Jawa dan Madura sebagai bagian dari negeri jajahan VOC dan Belanda tak luput dari kebijakan tersebut. Pada jaman penjajahan VOC hingga Belanda, didirikan semacam tempat penampungan di daerah-daerah endemi lepra.. Setelah keputusan konferensi Lepra pertama VOC makin menggiatkan kerja isolasinya. Di Madura sendiri yang termaktup dalam Staatsblad Van Nederlandsch indie 1937 No 692 dikatakan bahwa pada tahun 1937 dibentuklah Dana Kesejahteraan Madura oleh Ratu Wilhelmina yang mana pembiayaan ini dimaksudkan untuk kemajuan kesejahteraan masyarakat di Madura. Melalui dana itu dibangun tempat-tempat isolasi bagi penderita Lepra. Ada ratusan titik tempat isolasi yang tersebar di seluruh Madura. Belanda menyebutnya Leprozerieen.

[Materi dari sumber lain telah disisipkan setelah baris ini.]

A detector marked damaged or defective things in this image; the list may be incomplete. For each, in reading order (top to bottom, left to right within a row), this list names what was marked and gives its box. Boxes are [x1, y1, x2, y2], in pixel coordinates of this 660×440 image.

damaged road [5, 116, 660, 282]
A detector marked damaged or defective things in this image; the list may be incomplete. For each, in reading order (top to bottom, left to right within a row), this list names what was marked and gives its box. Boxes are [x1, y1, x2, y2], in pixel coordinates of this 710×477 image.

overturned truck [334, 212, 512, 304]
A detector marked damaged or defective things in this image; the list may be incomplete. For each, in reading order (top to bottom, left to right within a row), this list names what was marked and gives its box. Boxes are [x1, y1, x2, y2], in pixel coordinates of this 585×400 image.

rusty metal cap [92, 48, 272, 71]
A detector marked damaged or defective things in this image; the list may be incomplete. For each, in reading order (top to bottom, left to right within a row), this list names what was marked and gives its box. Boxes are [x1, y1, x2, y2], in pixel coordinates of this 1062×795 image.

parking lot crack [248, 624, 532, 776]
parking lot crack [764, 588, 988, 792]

Sebagaimana umumnya negara-negara lain yang menggunakan pulau-pulau terluar di wilayahnya untuk tempat isolasi penderita lepra, tentu tidak menutup kemungkinan pulau Mandangin juga dijadikan tempat serupa sebagaimana Belanda menjadikan pulau Cipir dan Pulau Bidadari. Hal ini bisa dilihat bagaimana antropolog Roy E Jordaan dalam tulisan mitologinya berjudul The Myth of Nyai Lara Kidul, Goddes of Southern Ocean yang menyebutkan bahwa Ragatpami, dewi mitos dalam cerita Madura juga pernah dibuang di Mandangin karena menderita Lepra hingga meninggal dan dikuburkan di pulau lepas pantai bagian selatan selat Madura itu. Sebagai tulisan Antropologis, karya Jordaan tentu punya makna ganda. Di sisi pemerintah kolonial, ia seakan hendak membenarkan pembuatan pulau isolasi bagi penderita Lepra di Madura. Di sisi Masyarakat, ia hendak meredam gejolak masyarakat agar tak menolak kebijakan tersebut lewat pembenaran mitologi atas Ragapatmi.

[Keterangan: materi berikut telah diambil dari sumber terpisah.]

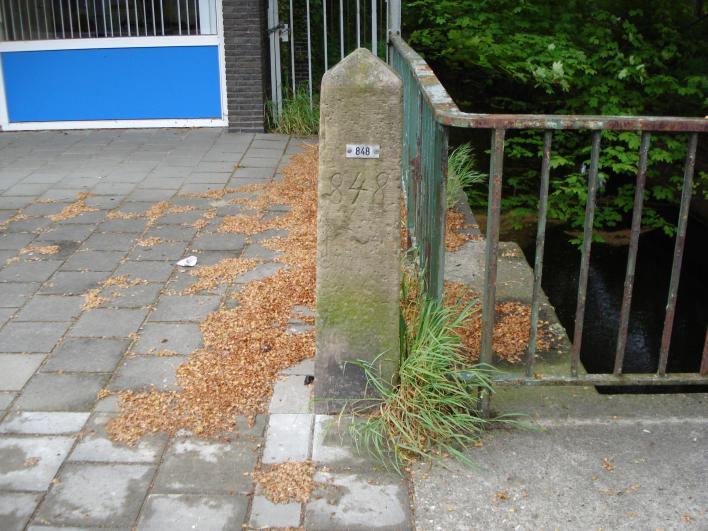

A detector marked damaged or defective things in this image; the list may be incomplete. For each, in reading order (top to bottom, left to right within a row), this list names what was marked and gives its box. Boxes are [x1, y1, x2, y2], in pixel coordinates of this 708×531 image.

rusty metal railing [390, 33, 708, 390] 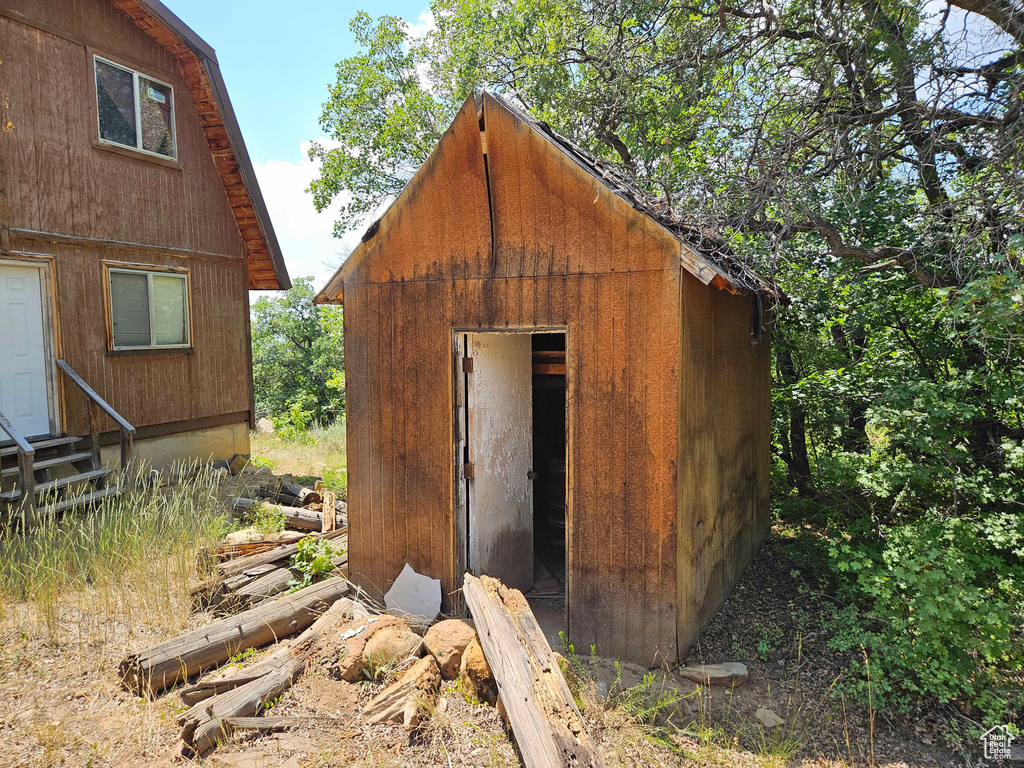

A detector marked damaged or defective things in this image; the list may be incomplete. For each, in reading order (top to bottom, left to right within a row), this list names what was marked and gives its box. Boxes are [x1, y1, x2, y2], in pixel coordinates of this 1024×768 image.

rusted metal siding [339, 94, 684, 663]
rusted metal siding [675, 274, 770, 659] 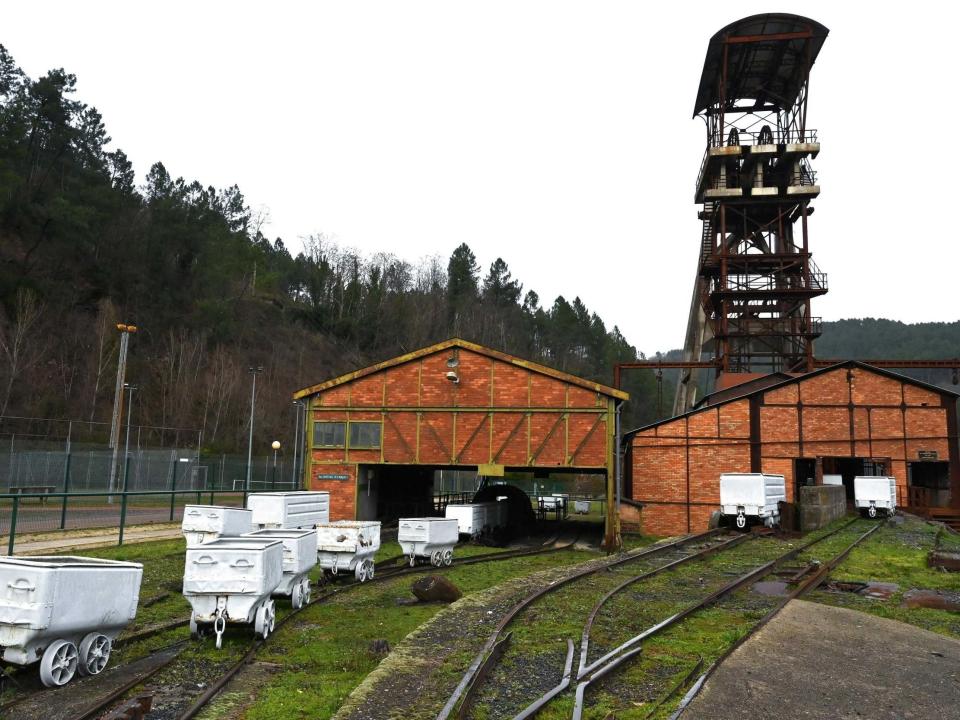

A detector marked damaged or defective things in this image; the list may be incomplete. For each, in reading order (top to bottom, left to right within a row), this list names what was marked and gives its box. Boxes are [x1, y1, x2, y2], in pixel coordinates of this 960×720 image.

rusty metal tower [676, 14, 832, 414]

Berdasarkan bukti-bukti sejarah yang saya telusuri, susah untuk menerima pendapat Likin bahwa Mandangin bukanlah tempat buangan bagi orang-orang penderita Lepra. Sebab data sejarah menunjukkan hal yang berbeda.

Hal ganjil dari tulisan Likin berikutnya adalah ketika ia mengatakan bahwa nenek moyangnya berasal dari pelarian tahanan Belanda. Klaim tersebut coba ia kuatkan dengan ‘memotret’ kebiasaan masyarakat Mandangin meneriakkan yel-yel “Ollopes Kuntul Baro” yang dalam bahasa Belanda diartikan “Ayo tarik bersama-sama”.

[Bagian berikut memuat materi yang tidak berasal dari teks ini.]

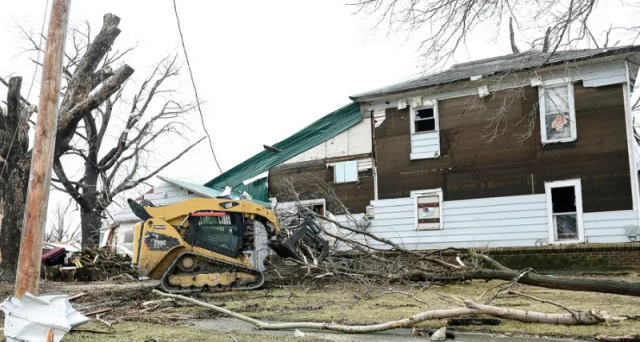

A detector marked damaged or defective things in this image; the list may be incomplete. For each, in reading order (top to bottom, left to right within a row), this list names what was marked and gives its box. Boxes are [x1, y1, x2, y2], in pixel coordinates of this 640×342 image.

damaged roof [350, 45, 640, 100]
damaged roof [205, 103, 364, 190]
broken window [336, 161, 360, 184]
broken window [416, 107, 436, 133]
broken window [540, 82, 576, 143]
broken window [412, 190, 442, 230]
broken window [544, 179, 584, 243] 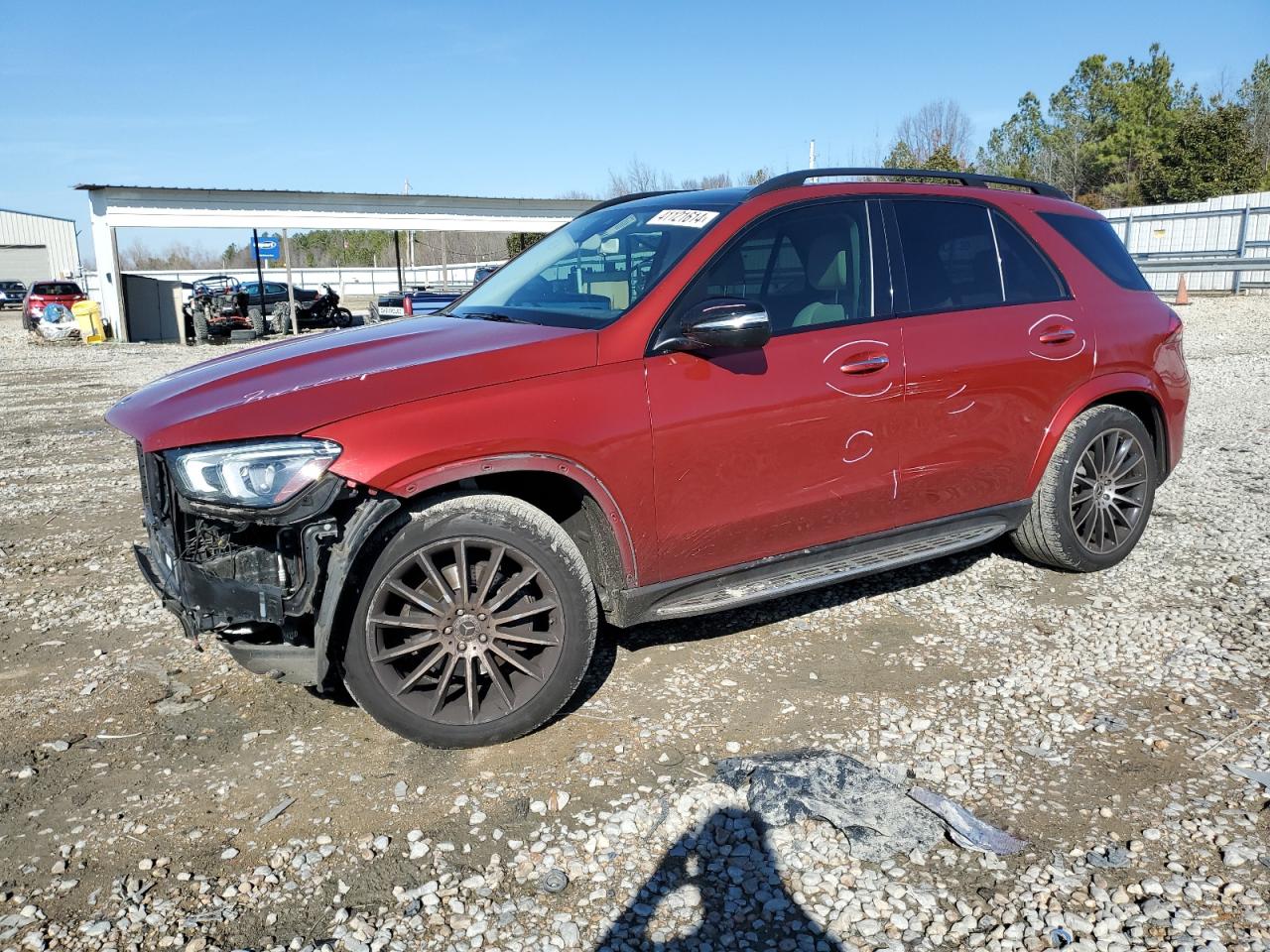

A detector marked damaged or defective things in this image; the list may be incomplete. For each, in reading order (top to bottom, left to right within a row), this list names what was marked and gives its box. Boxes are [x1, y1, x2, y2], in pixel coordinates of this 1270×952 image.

damaged front bumper [131, 446, 395, 682]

Pertanyaannya, pernahkah Likin memeriksa betul makna tersebut dalam bahasa Belanda? Benarkah dari bahasa Belanda? Bukan hanya mengandalkan pemahaman tetua Mandangin, yang barangkali kemampuan bahasa Belandanya tidak begitu kuat. Mengapa Likin tidak menelusuri siapa itu Don Lopez Comte De Paris, seorang pengawal Gubenrnur Daendles yang berperawakan kekar, berasal dari Spanyol bergelar bangsawan Prancis, yang oleh masyarakat bawah masa itu (terutama pekerja rodi), namanya dijadikan semacam “kekuatan” untuk dapat mengangkat barang-barang besar (Munsyi, 2003:67). Hal itu bisa Likin lakukan, bila sekedar ingin menemukan asal muasal Ollopes Kuntul Baro itu.

Selanjutnya, dengan serampangan, Likin juga menyimpulkan asal muasal nama Mandangin, tanpa sedikitpun menyertakan referensinya. Di tulisan Likin disebutkan penyebutan Pulau Mandangin baru dikenal setelah era 80-an, dari yang sebelumnya dikenal bernama Pulau Kambing. Terlihat Likin tak mau membaca lebih dalam, atau mungkin karena malas saya tak paham.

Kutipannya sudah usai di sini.